The roof is finally in place over the Olympic stadium in Athens, easing some of the concerns about preparations and enabling sports, rather than controversy, to move to the center of attention in the final weeks before the summer games.
Only about 8,000 seats have been installed, and much of the venue still resembles a building site, but athletes finally arrived at the Olympic Stadium in Athens this week.
They may not be the sporting superstars from across the globe expected for the Olympics in August, but the Greek athletes at the Pan Hellenic Games are just as important to local organizers.
The runners are proving that the main stadium is serviceable for athletics, and that come August it should be ready for tens-of-thousands of spectators and a worldwide television audience.
Above the athletes' heads, finally, is the controversial and often criticized roof designed by Spanish architect Santiago Calatrava. For many months, it symbolized the problems that plagued these Olympic Games. The design seemed overambitious, and the construction was so difficult that the roof project came close to being scrapped.
But local organizers got the job done at the last minute. The 15,000-ton roof is in place to protect spectators and athletes from the fierce summer sun.
Greece's alternate culture minister Fanny Palli-Petralia, who has been appointed by Prime Minister Costas Karamanlis to oversee preparations for the Games, told VOA earlier this week that the three-day Pan Hellenic games would prove to be a turning point in the fortunes of the Athens Olympics.
"Well it is a significant moment because this stadium became the symbol of the Olympic Games because of the Calatrava roof there," she said. "We have the Pan Hellenic Championship of track and field and you will have the opportunity to look and see one of the most spectacular stadiums in the world."
But it has not been easy getting to this stage. Work was not begun on the Games for three years after Greece won the right to host them in 1997. And only three months ago a change of government prompted fears of further disruption to the preparations.
The new government's General Secretary for the Games, Spyros Capralos, himself a former Olympic waterpolo player, said this week that he had been swimming only in his own sweat to get everything ready on time.

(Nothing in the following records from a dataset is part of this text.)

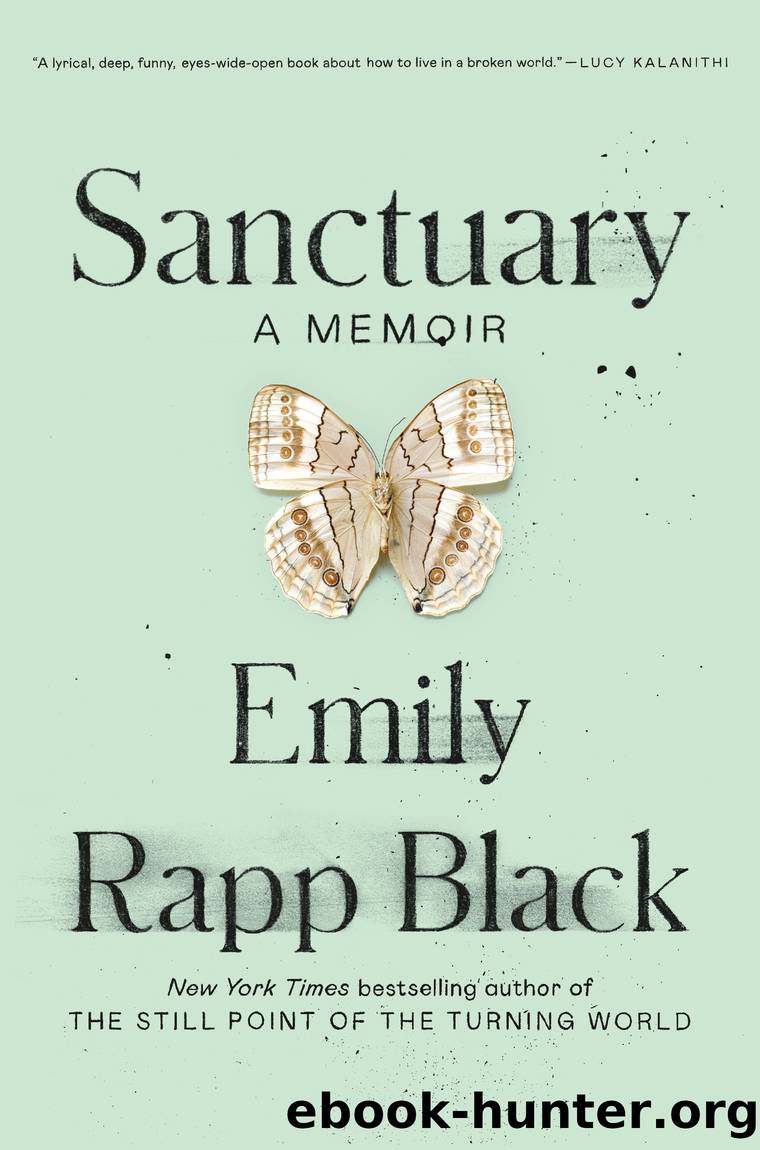 Sanctuary by Emily Rapp Black
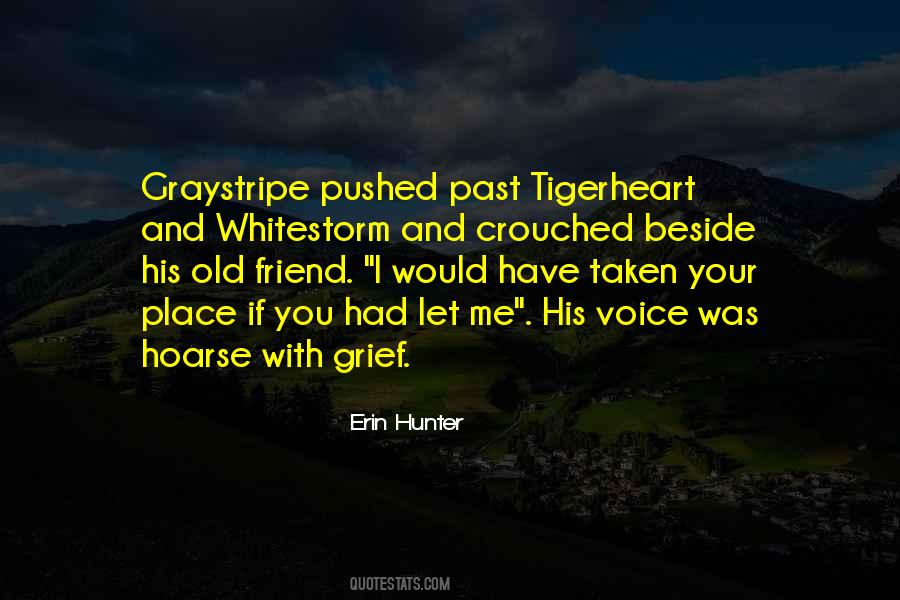 You Pushed Me Quotes #1289581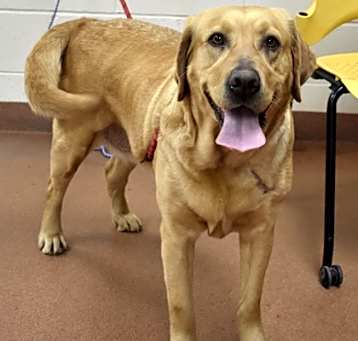 Photo of 88985 Coco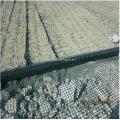 Malha de Geogrid da fibra de vidro do reforço do pavimento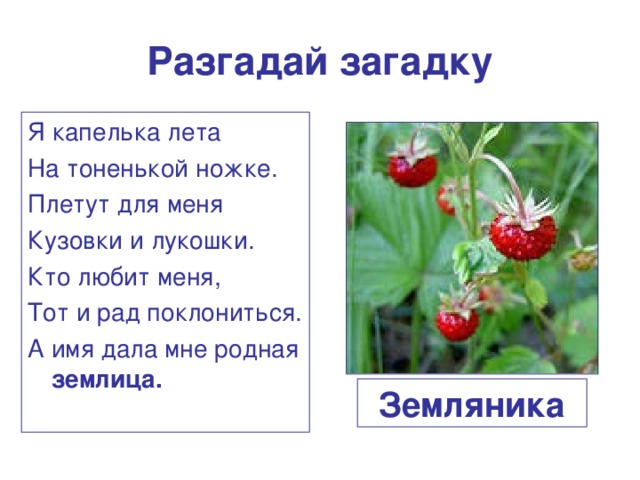 Отгадай загадку первым вылез из землицы. Загадка про землянику. Загадка про клубнику. Загадка про землянику для детей. Загадка про клубнику для детей.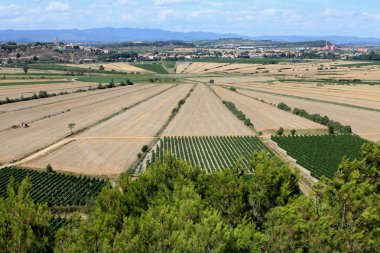 Oppidum d'Ensérune
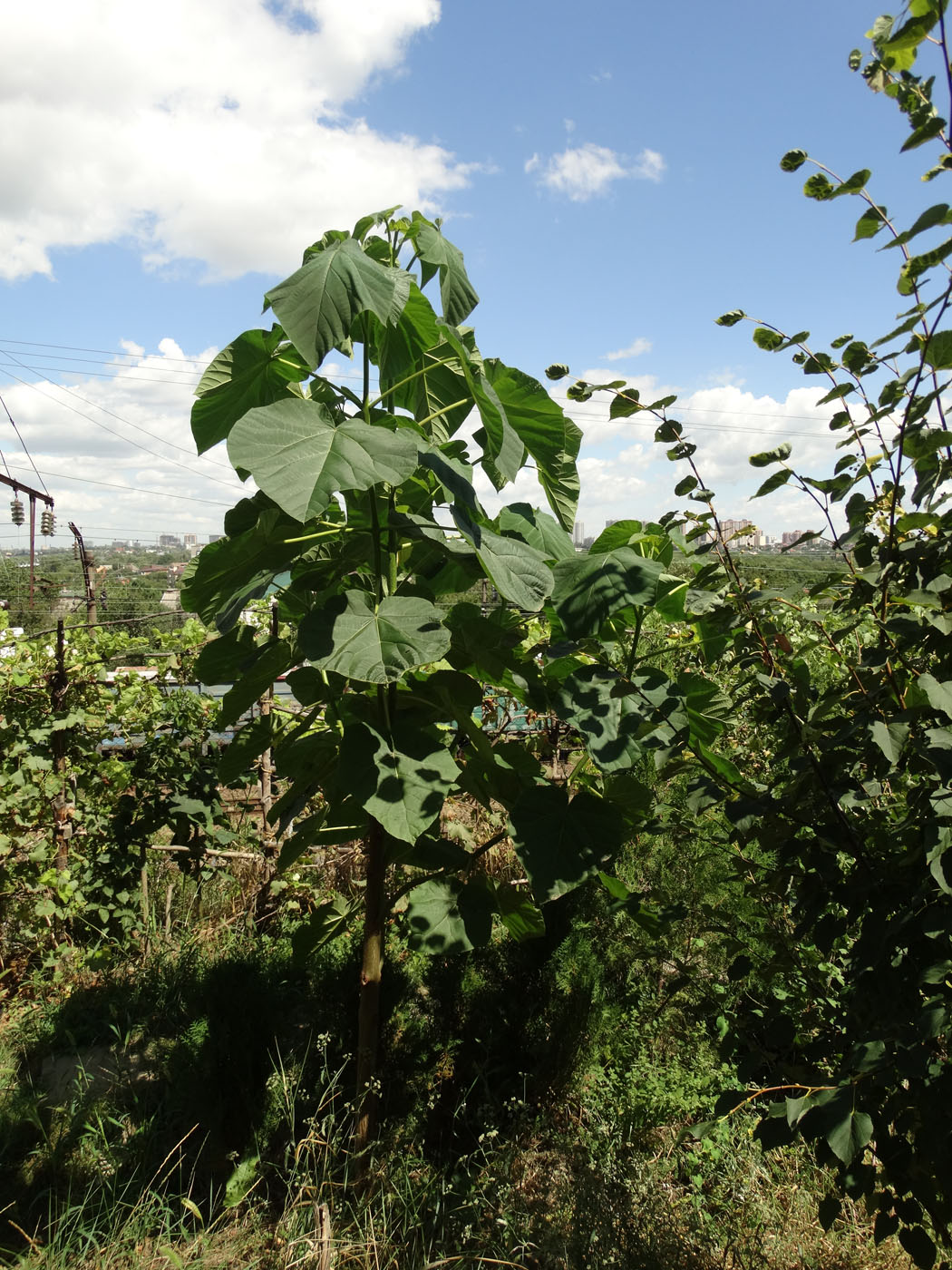 Изображение особи Paulownia tomentosa.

There are still many things to accomplish. But at last, it appears that the end of the work is in sight. But even as attention shifts to sports, economic concerns remain.
The budget has skyrocketed in recent years, with some analysts predicting the final cost might be double initial estimates of $6 billion. But Minister Palli-Petralia says Greece's people and government are willing to pay any price for a successful Games, no matter what the financial repercussions might be later.
"The previous budget is non-realistic. Yes the budget will increase. The Greek government is going to support the budget and we do not make any reduction to anything. We will afford it and we will face it," she said. "You know Greek people what they want is to be proud for their country and be proud of themselves that they will host a unique Games."
What remains to be seen is whether Greece's great gamble with the Games will spark an economic boom, or whether the financial burden will prompt a slump once the athletes have all gone home.